*** Data ***
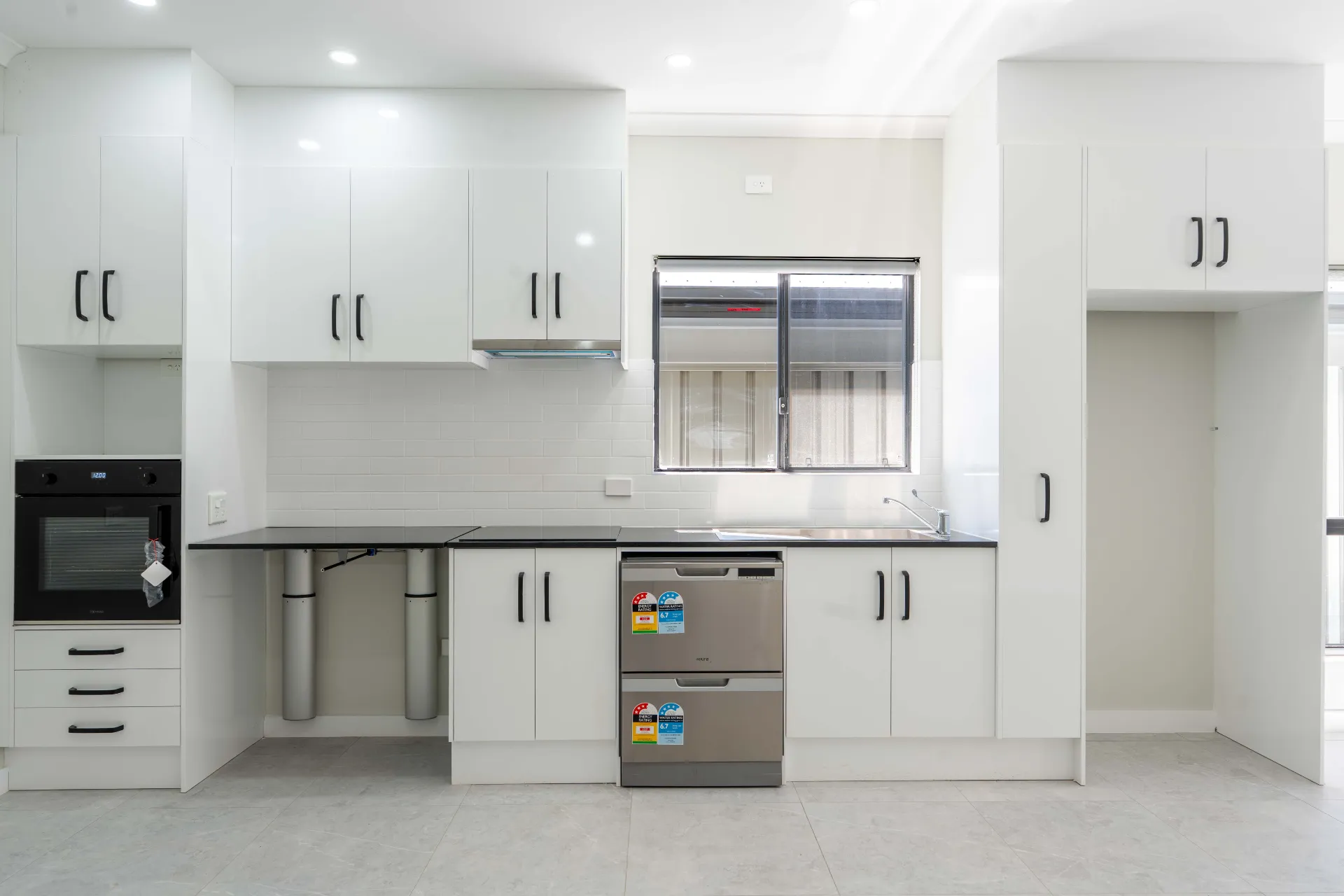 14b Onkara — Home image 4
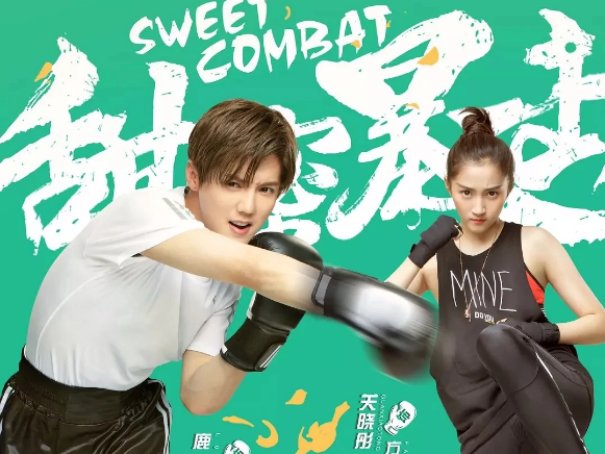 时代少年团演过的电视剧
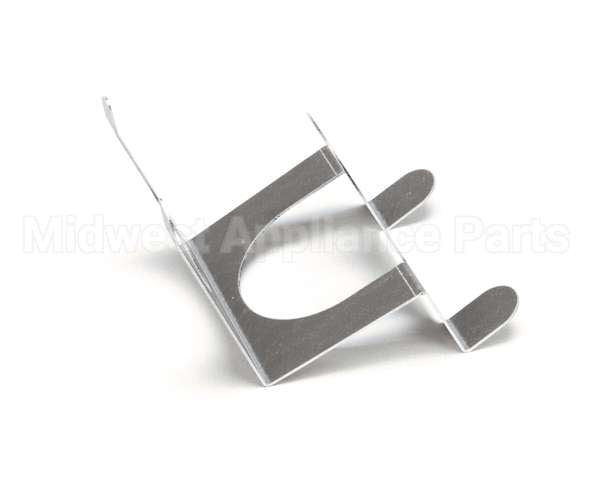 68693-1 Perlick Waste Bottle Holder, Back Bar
*** End of Data ***
*** Data ***
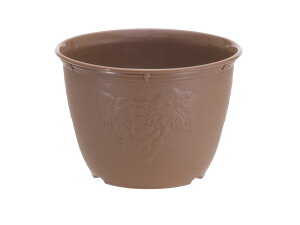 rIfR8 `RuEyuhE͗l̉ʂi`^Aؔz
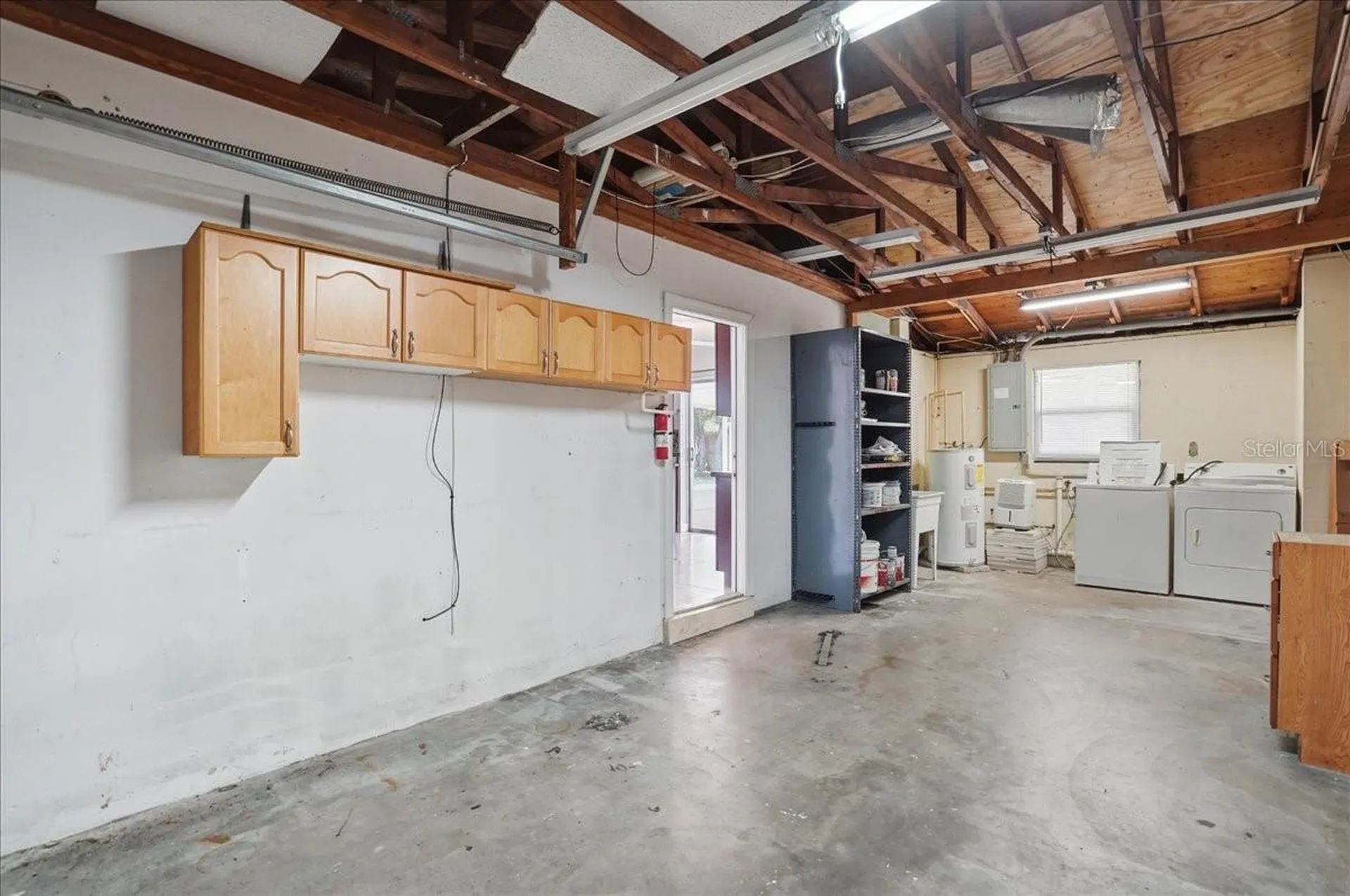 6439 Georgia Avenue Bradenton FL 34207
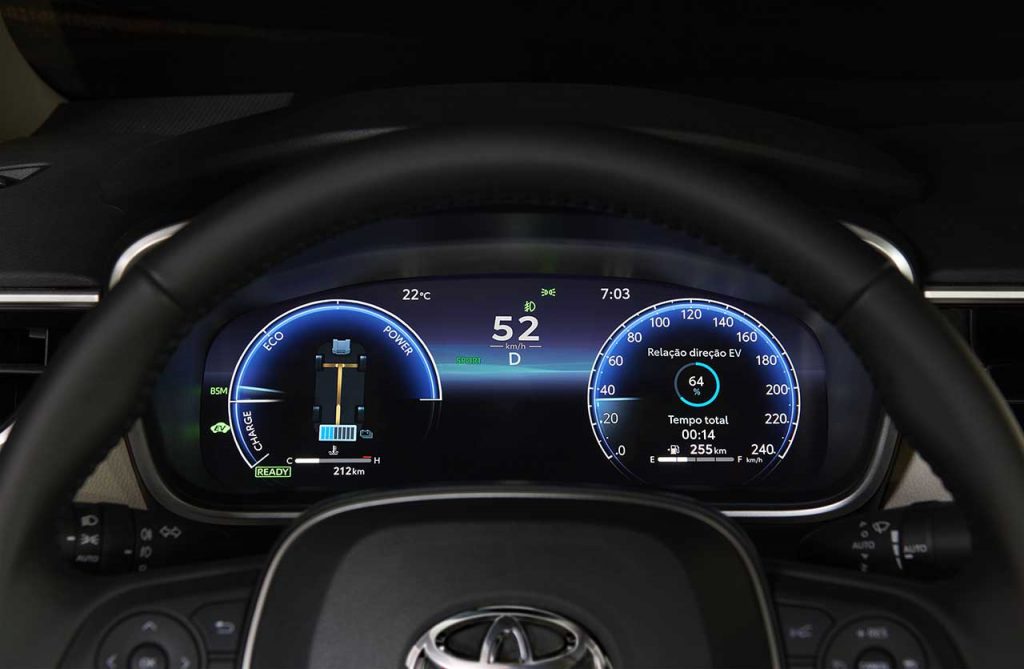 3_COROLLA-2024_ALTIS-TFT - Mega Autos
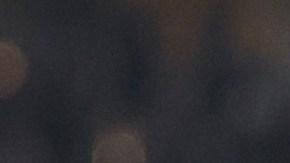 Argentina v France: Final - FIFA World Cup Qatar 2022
*** End of Data ***
*** Data ***
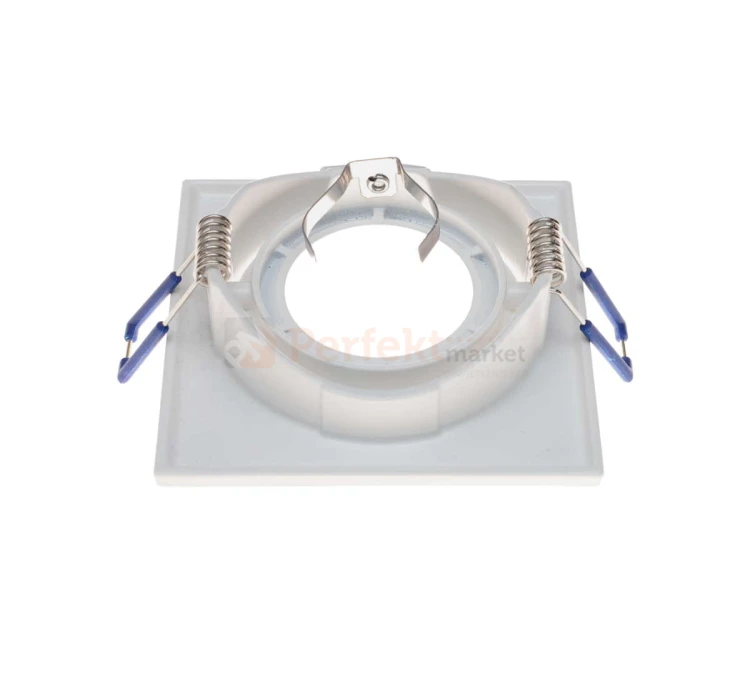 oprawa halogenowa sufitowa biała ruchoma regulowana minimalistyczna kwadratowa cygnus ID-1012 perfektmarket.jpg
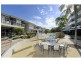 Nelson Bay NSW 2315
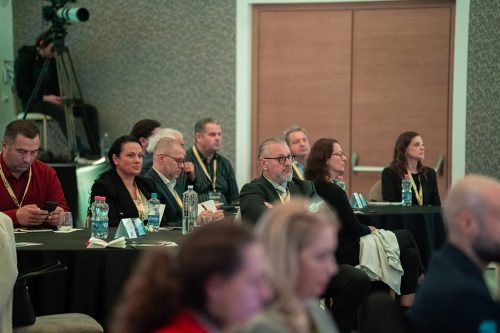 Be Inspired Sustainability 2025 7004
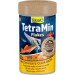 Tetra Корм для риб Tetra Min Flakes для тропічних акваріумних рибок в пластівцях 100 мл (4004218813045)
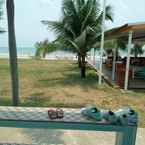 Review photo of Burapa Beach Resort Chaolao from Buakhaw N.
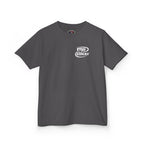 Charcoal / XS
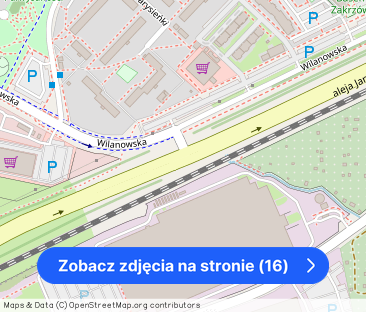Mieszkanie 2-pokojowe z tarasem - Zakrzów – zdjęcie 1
*** End of Data ***
▶ **Task goal**:
Copy only what lies between the line with "Charcoal / XS" and the line with "Mieszkanie 2-pokojowe z", those two lines included, exactly as given above; pictures stay out.

▶ **Your response**:
 Charcoal / XS
Mieszkanie 2-pokojowe z tarasem - Zakrzów – zdjęcie 1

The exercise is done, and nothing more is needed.